I'd like the entries repeated exactly, pictures omitted.

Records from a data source
+++

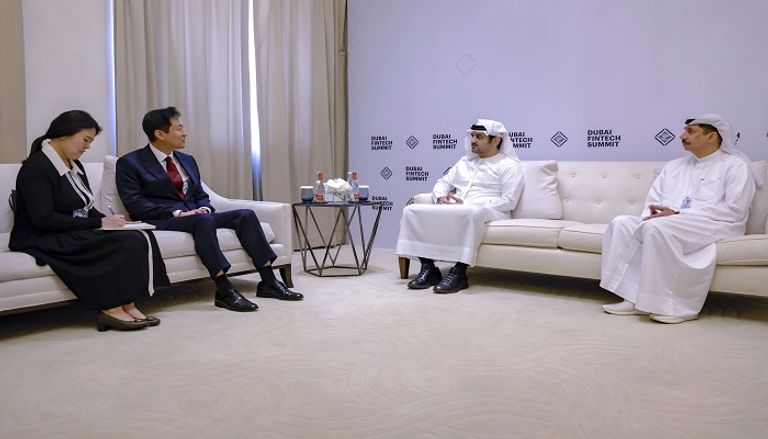 الشيخ مكتوم بن محمد بن راشد آل مكتوم خلال فعاليات قمة دبي للتكنولوجيا المالية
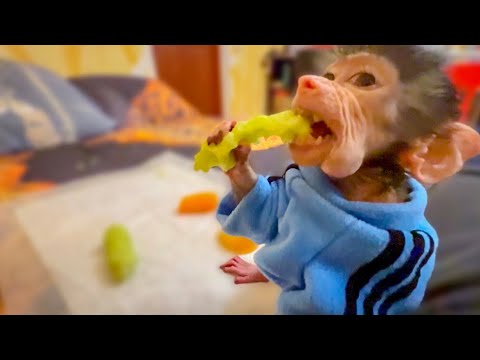 Это НУЖНО ВИДЕТЬ как Маняша почистила для Степки огурец и КАК он его ест)))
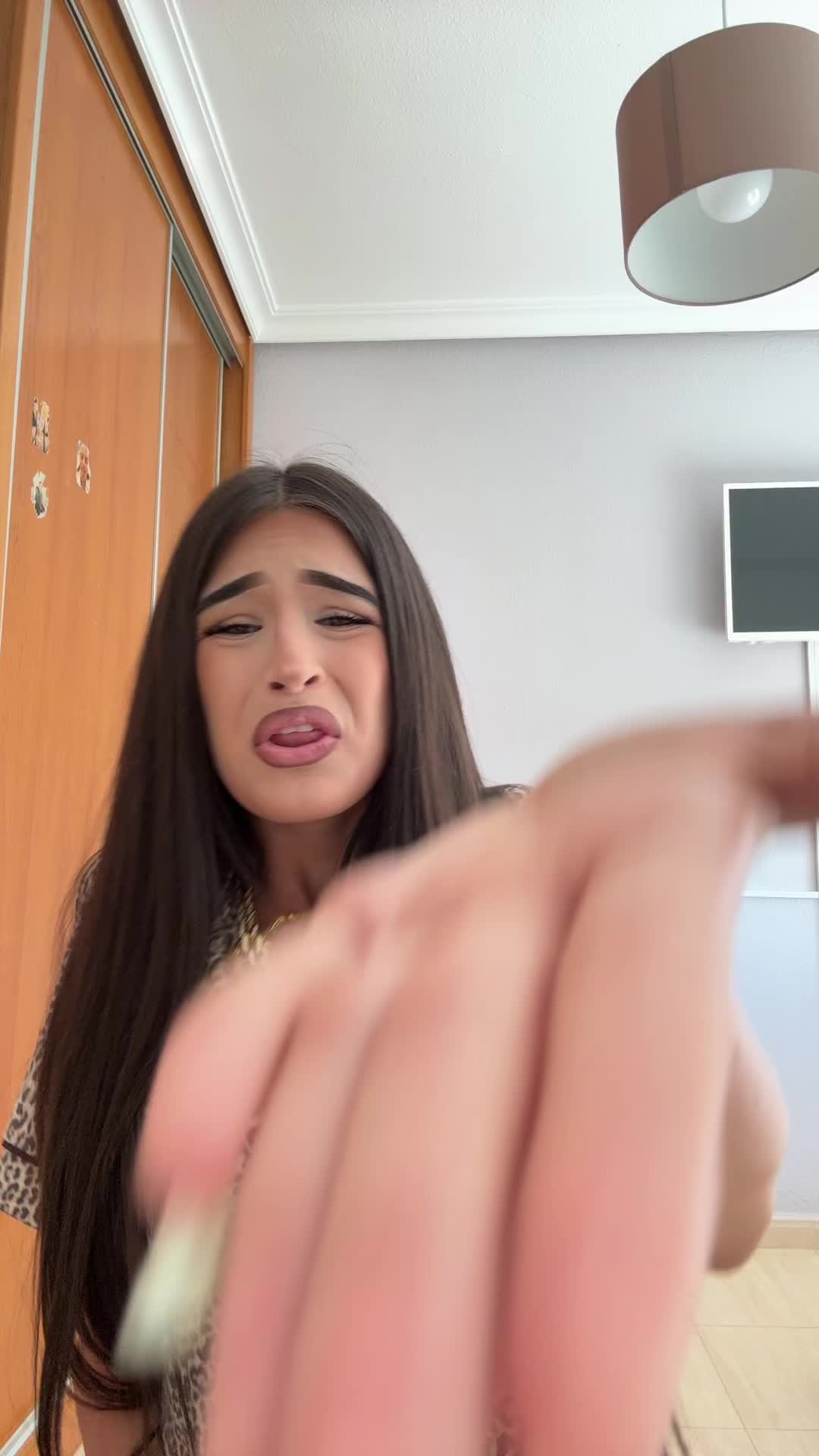 @chloecalvache_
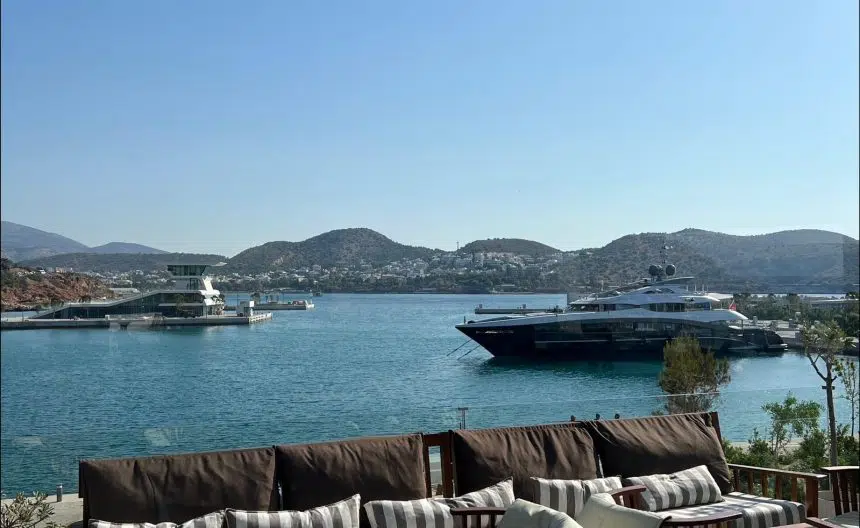 Astir Marina Ελλιμενισμός πρώτου σκάφους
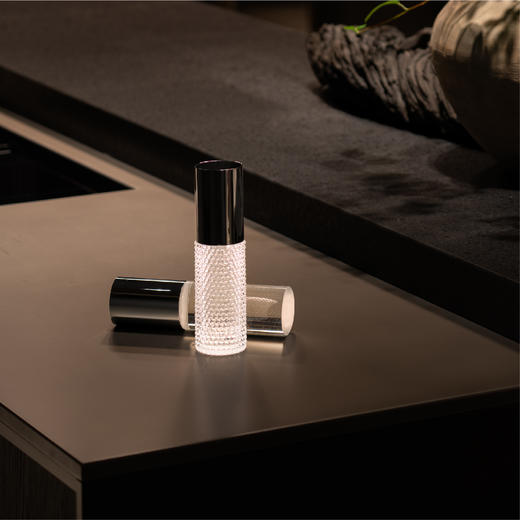 摩根X豪尔赫·埃雷拉大师联名款水晶系列面光充电台灯 商品图10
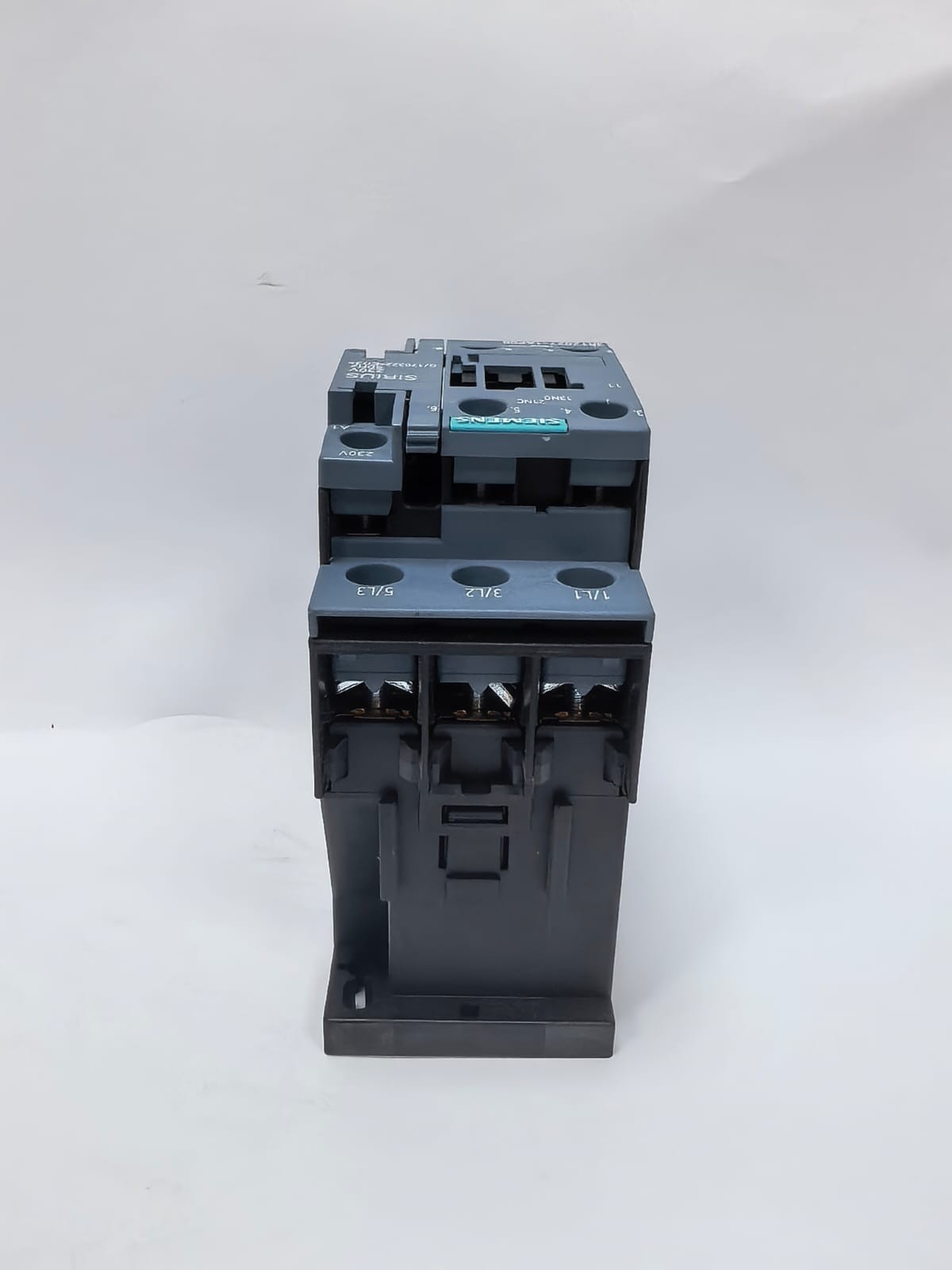 Siemens 3RT2027-1AP00 SIEMENS 3RT2027-1AP00 SIRIUS CONTACTOR 230V 8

+++

Response area »
 الشيخ مكتوم بن محمد بن راشد آل مكتوم خلال فعاليات قمة دبي للتكنولوجيا المالية
 Это НУЖНО ВИДЕТЬ как Маняша почистила для Степки огурец и КАК он его ест)))
 @chloecalvache_
 Astir Marina Ελλιμενισμός πρώτου σκάφους
 摩根X豪尔赫·埃雷拉大师联名款水晶系列面光充电台灯 商品图10
 Siemens 3RT2027-1AP00 SIEMENS 3RT2027-1AP00 SIRIUS CONTACTOR 230V 8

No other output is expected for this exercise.